Look through the entries below and copy exactly the part that begins with the line containing "D'Elite Box Crystal" and ends with the line containing "FURLA Modern Cream". Do not copy the pictures.

## PROVIDED DATA:
————

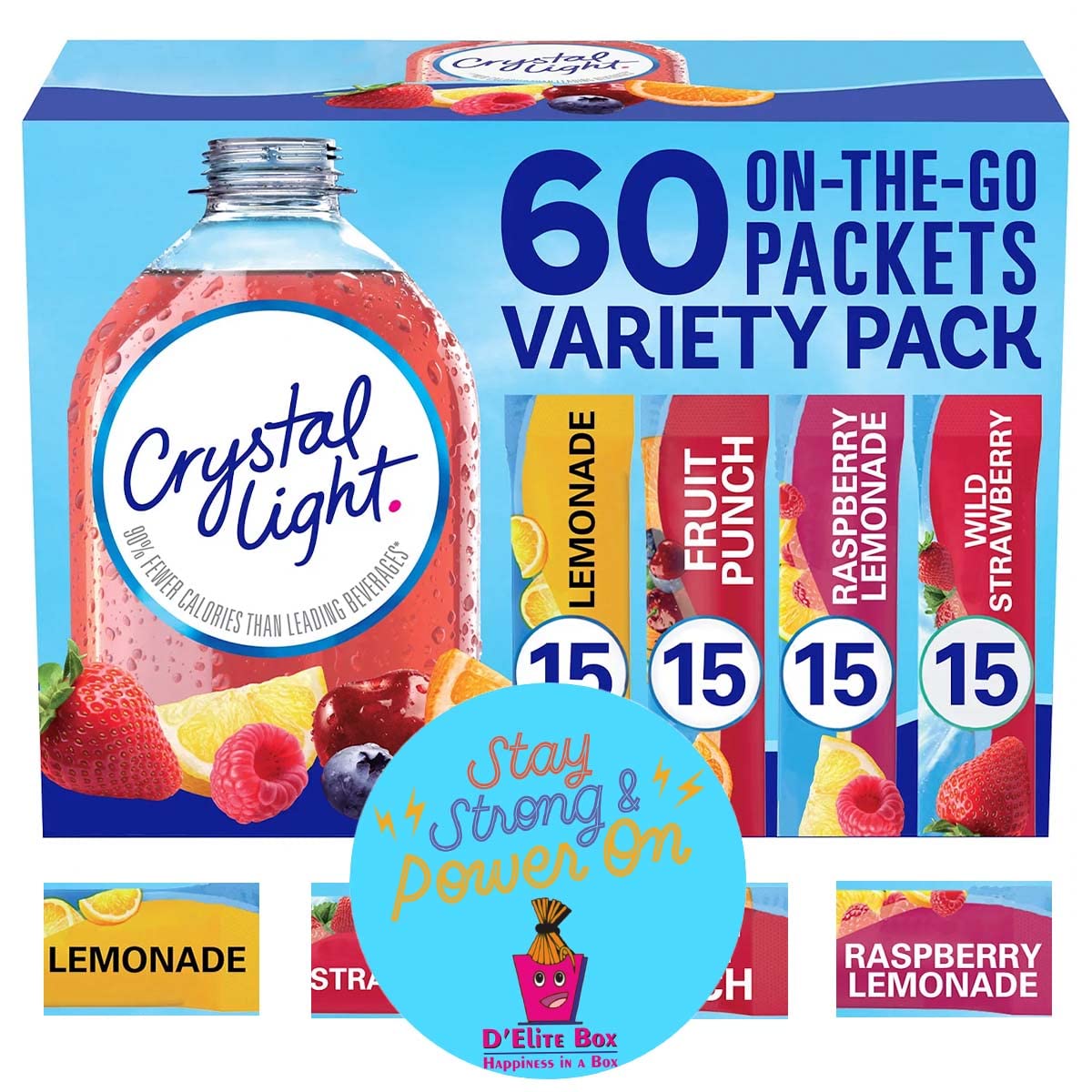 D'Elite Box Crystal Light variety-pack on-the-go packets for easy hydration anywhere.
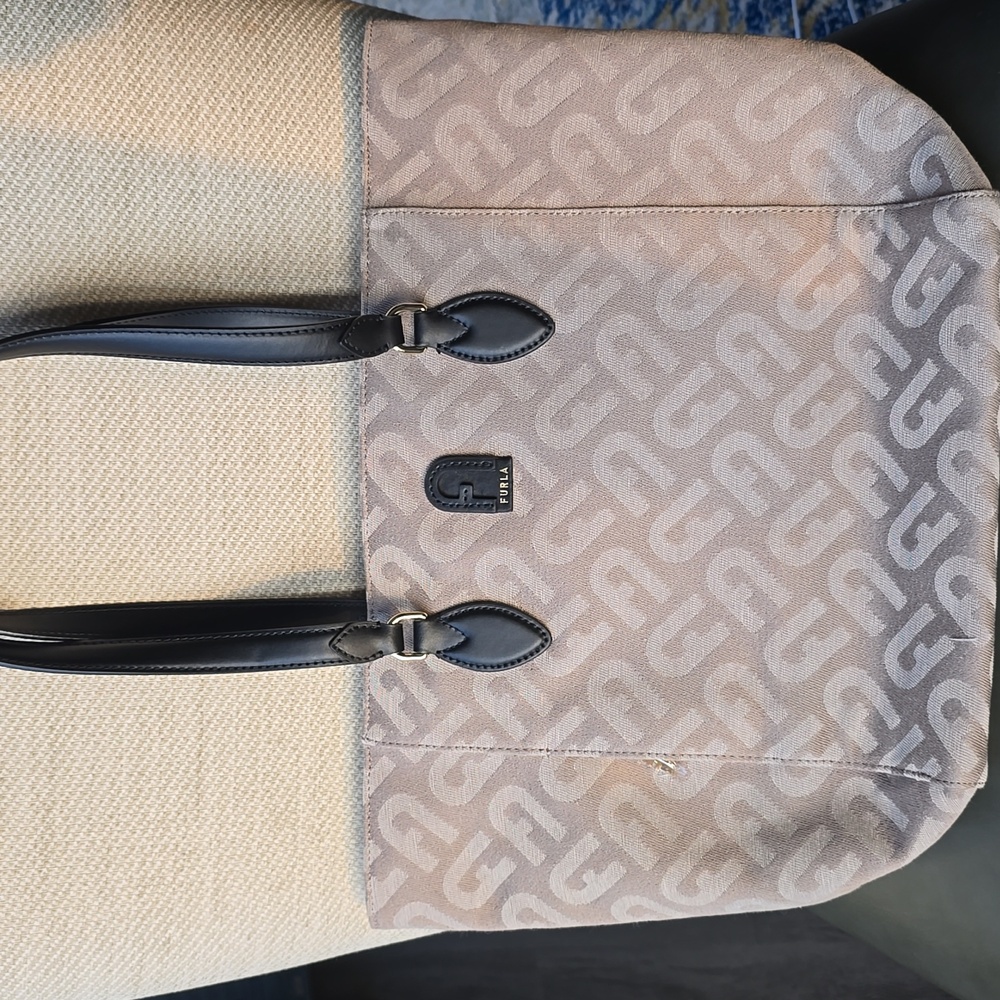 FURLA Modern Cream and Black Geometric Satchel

————

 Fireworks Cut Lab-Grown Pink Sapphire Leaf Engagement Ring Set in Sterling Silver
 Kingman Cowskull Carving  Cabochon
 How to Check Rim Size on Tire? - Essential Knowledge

————

## YOUR RESPONSE:
 D'Elite Box Crystal Light variety-pack on-the-go packets for easy hydration anywhere.
 FURLA Modern Cream and Black Geometric Satchel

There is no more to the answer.